(TASK PROMPT)
Repeat the listing exactly, minus the pictures.

(GIVEN MATERIAL)
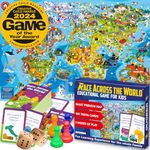 Quokka Board Game, 1 to 10 Players | Learning, Educational | Geography, World | 100 Question Cards, Top Facts | Indoor, Outdoor | Kids, Teens, Adults, Family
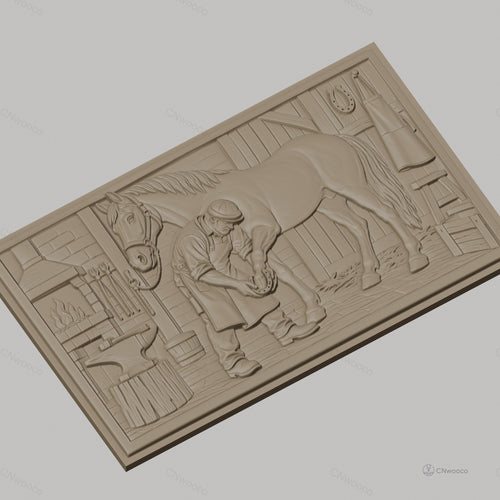 Fichier CNC & impression 3D maréchal-ferrant, cheval, atelier, étrier, enclume, haute qualité relief STL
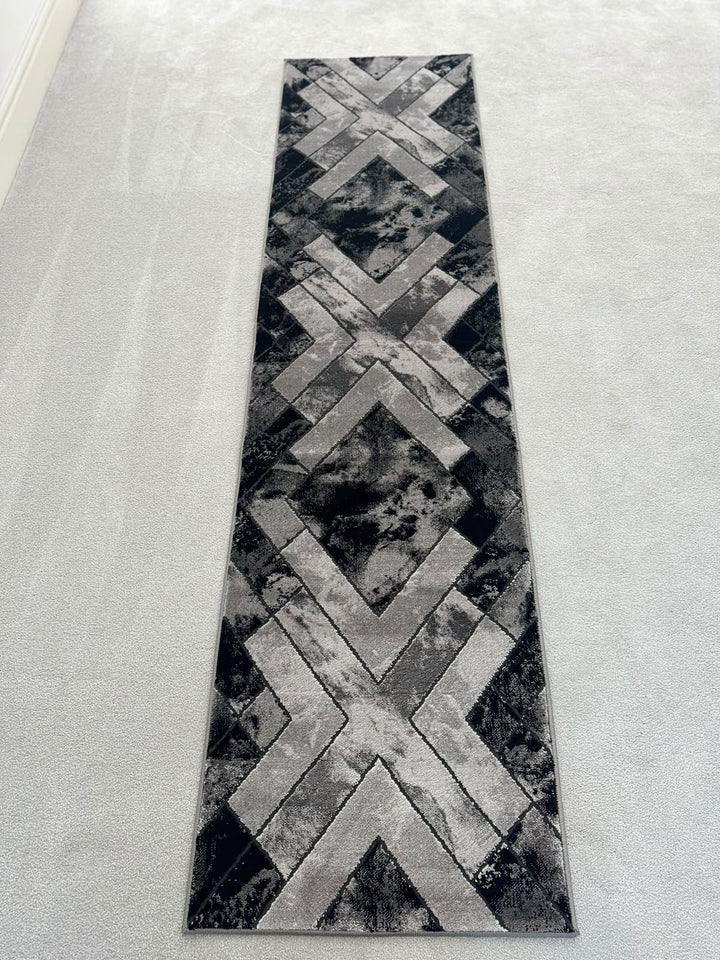 Moretti 809 Grey Geometric Modern Runner Rug (60x230 CM)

(RESPONSE BOX)
 Quokka Board Game, 1 to 10 Players | Learning, Educational | Geography, World | 100 Question Cards, Top Facts | Indoor, Outdoor | Kids, Teens, Adults, Family
 Fichier CNC & impression 3D maréchal-ferrant, cheval, atelier, étrier, enclume, haute qualité relief STL
 Moretti 809 Grey Geometric Modern Runner Rug (60x230 CM)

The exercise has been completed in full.